Mercato degli agrumi sempre più in crisi e prezzi in discesa. E’ la calamità silenziosa che sta gelando le aspettative dei produttori agrumicoli del Tarantino e lasciando buona parte prodotto sulla pianta. Gli esperti stimano che tra il 40 e 50 per cento degli agrumi, a fronte di una produzione abbondante, rischia di non essere raccolta. Una prospettiva che non risparmia nemmeno le clementine, prodotto principe dell’area compresa tra Massafra, Castellaneta, Ginosa, Palagianello e Palagiano, dove operano quasi 2mila aziende.
L’andamento del prezzo medio non lascia scampo: 44 centesimi al chilo a novembre per le clementine, ossia meno 18 per cento rispetto al mese precedente (54 cent/kg), 37 cent/kg per le arance, in risalita di un misero 1,6% nello stesso periodo. «Ma a gennaio – dice preoccupato Luca Lazzàro, presidente di Confagricoltura Taranto e vicepresidente regionale – i prezzi sono ulteriormente crollati. Sulla piazza di Taranto le clementine quotano all’origine tra 23 e 28 cent al chilo, mentre le arance tra 28 e 33. Sono le cifre di un vero e proprio disastro, contro il quale stiamo provando a costruire un argine comune con la Provincia di Taranto, recentemente investita di un problema che, sia chiaro, si somma agli altri sollevati in maniera eclatante dalla mobilitazione dei gilet arancioni: Psr in gravissimo ritardo, Xylella e gelate».
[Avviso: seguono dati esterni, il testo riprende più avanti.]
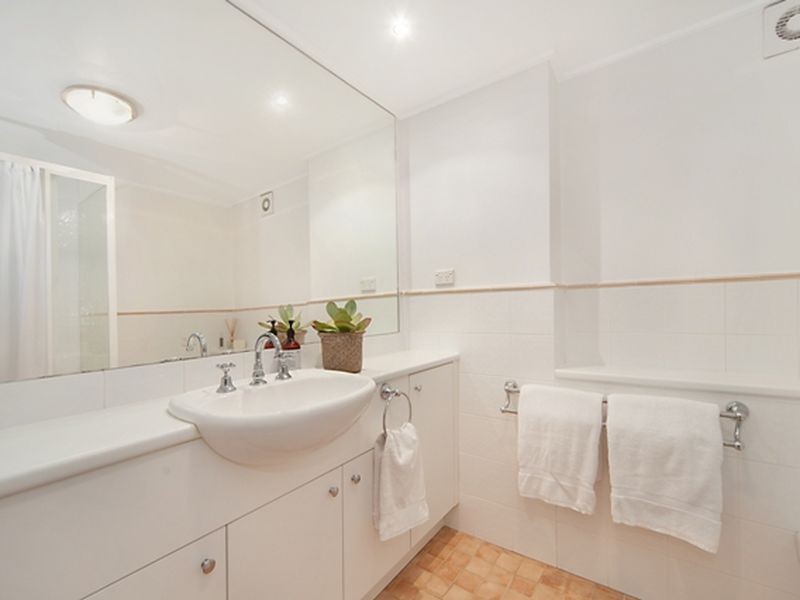 7/73 Evans Street, Freshwater NSW 2096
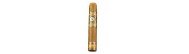 Trabucuri Perdomo Nicaragua Robusto Connecticut 24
«Alla Provincia – ricorda il presidente di Confagricoltura Taranto – abbiamo chiesto, in particolare, di aprire una corsia di precedenza per l’assegnazione agli agricoltori dei fondi della gelata 2017, si tratta di oltre 2 milioni di euro; di lanciare un’intensa campagna pubblicitaria, finanziata dai Comuni territorialmente investiti dal problema per spingere le vendite alle migliori condizioni di mercato; siglare accordi con le OP per l’assorbimento, anche parziale, dell’enorme quantitativo di prodotti ancora sulle piante; mettere in campo politiche di sostegno al reddito, di riduzione degli oneri contributivi e delle imposte a carico delle aziende agricole, moratorie dei mutui e di ogni forma di finanziamento alle imprese agricole».
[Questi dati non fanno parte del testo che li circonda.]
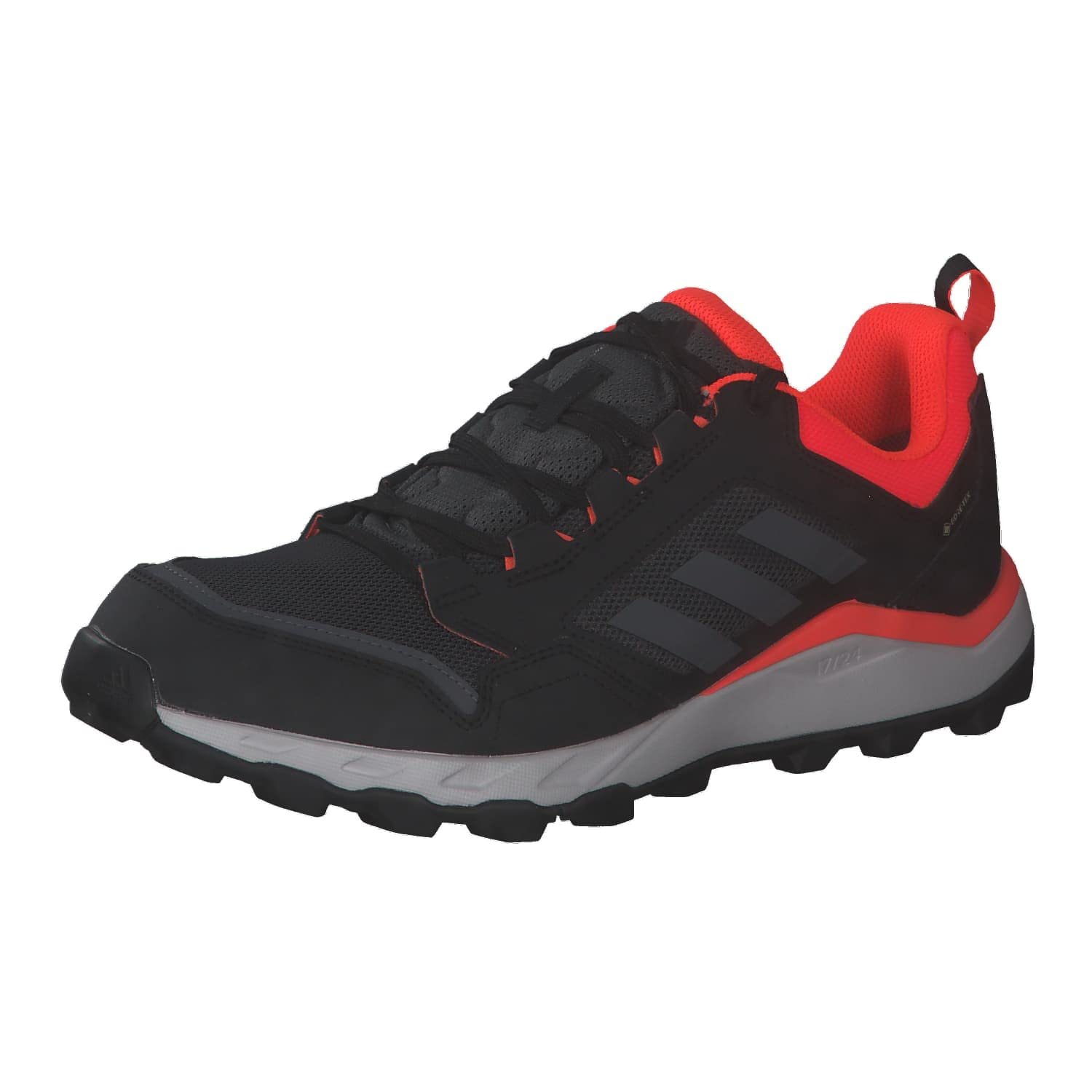 Кроссовки Adidas Tracerocker 2.0 Gore-tex, фото №1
A rischio c’è un settore, quello agrumicolo, che vale tra i 60 e gli 80 milioni annui e si avvale di diverse migliaia di giornate dei lavoratori agricoli. Per Lazzàro, però, non bisogna fermarsi all’emergenza costituita dal prezzo assolutamente non redditizio: «Lo stallo – spiega il presidente – è strutturale e di sistema ed è dovuto ad una serie di concause. Innanzitutto la mancata attuazione del catasto agrumario, ma anche l’inadeguatezza degli apparati commerciali, la mancanza di una pianificata e ponderata politica di miglioramento delle varietà, la vulnerabilità delle piante rispetto alle virosi sempre più aggressive, la rigidità della burocrazia che impedisce o ritarda, rendendola inefficace, ogni forma di sostegno al reddito o aiuto finanziario per l’ammodernamento del parco macchine e attrezzi delle aziende agricole, ormai obsoleto».
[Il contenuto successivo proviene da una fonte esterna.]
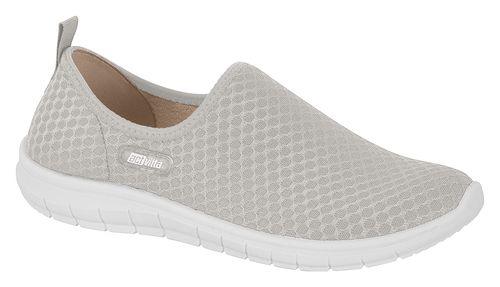 ZAPATILLAS MUJER ACTVITTA BLANCO 4828.100.26677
Per questo – rimarca Lazzàro – «servono strategie di lungo periodo, gli investimenti che il Psr doveva far decollare e che, invece, ha affossato. Bisogna lavorare da un lato sulla competitività delle nostre aziende, in particolare sulla capacità di strutturare l’offerta, dall’altro intervenire sulle politiche commerciali europee, sia interne, ad esempio rispetto al prodotto che arriva dalla Spagna, sia all’esterno con le importazioni a prezzi stracciati dal Marocco. E’ un quadro fortemente penalizzante – conclude Lazzàro – per il quale servono risposte adeguate e urgenti ad ogni livello di governo: i gilet arancioni, del resto, hanno suonato la sveglia per tutti, nessuno escluso».